The noise level of an extractor is a key consideration for many, especially those with open-plan spaces. Lisa Hibberd explores the technology behind some of the latest models with maximum noise levels of around 60dB – equivalent to the sound of normal conversation.
“Over the last 20 years, the importance of effective extraction for daily life in the kitchen has been gaining traction, especially in the area of noise levels,” reports Sean Drumm, UK MD of Falmec. “In real terms, poor extraction is the foremost offender for sound levels in the kitchen after a cheap kettle – and we all know what a noisy kettle sounds like! Many premium brands have therefore seen the necessity to introduce more Quiet System products into their portfolios, such as the Falmec NRS Noise Reduction System. We are now generally living, eating, gathering and entertaining in the one main all-purpose room. That means when all the appliances are working, the decibel levels really begin to rise. If you’re entertaining, you want to be able to talk to your guests in a quiet, convivial atmosphere. That’s why all manufacturers are determined to get noise levels down. For Falmec, this has been a priority for the past 25 years."
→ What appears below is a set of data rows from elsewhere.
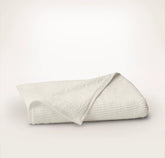Turkish Ribbed Bath Towel - Cream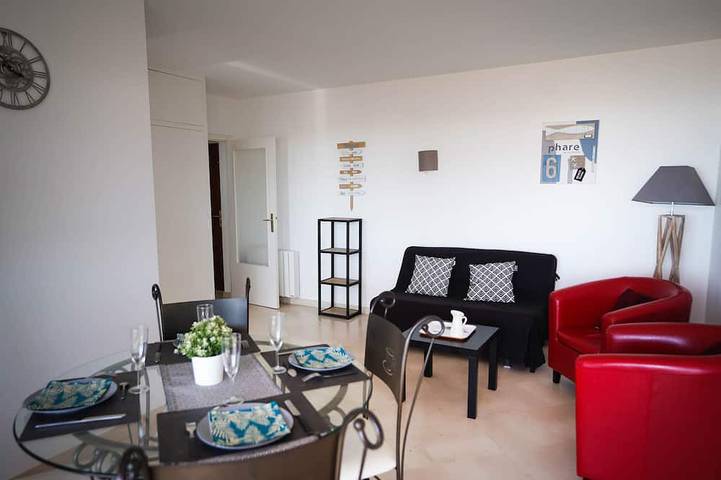 Gîte pour 2 personnes, avec balcon dans Plage Pontaillac - 4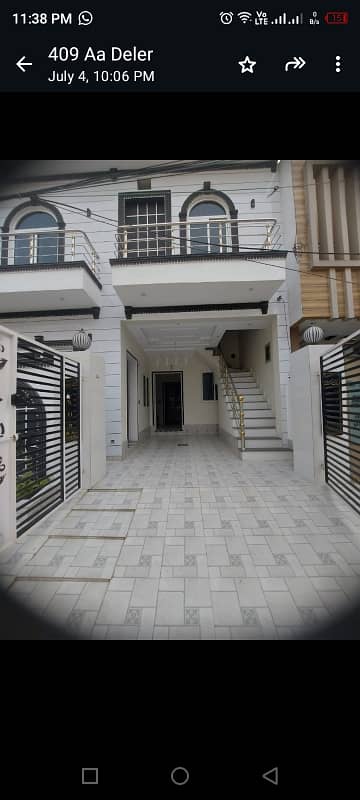 5 Marla New House For Sale In Aa Block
He continues: "To best illustrate this to customers, we advise our retailers to put a working model on display and let people actually hear the difference in the showroom. At Falmec, we have had tangible success with retailers who upgrade the extraction in their showroom to one of the quietest models, such as the new Lumen Island 175 NRS, attached. With a quick demonstration, the consumer can experience the difference between a standard hood and a quiet one at first hand in order to make a considered choice on the spot. There’s no sales talk involved because the noise levels will speak for themselves!”
With 58 Quiet Mark-certified cooker hoods, Belgian extraction and induction specialist Novy’s silent efficiency is renowned. In Episode 21 of The Quiet Mark Podcast, Henk Huisseune, innovation director was asked whether it was possible to create extractor fans that were both powerful and quiet. “Yes! In fact our target, at Novy, is to make goods which are as quiet as human conversation at 60dB or lower. The first thing that you want in a cooker hood is for the extraction efficiency to be high enough to do the job well. From there we start trying to make it as silent as possible, without compromising on the extraction efficiency, usually starting with the aerodynamics of the hood, using proper insulation materials and selecting a stable and silent blower, which is the core of the hood. Taking all these things into account, with the technical choices we make and the design optimisations that we do, we can make hoods which are as quiet as possible.”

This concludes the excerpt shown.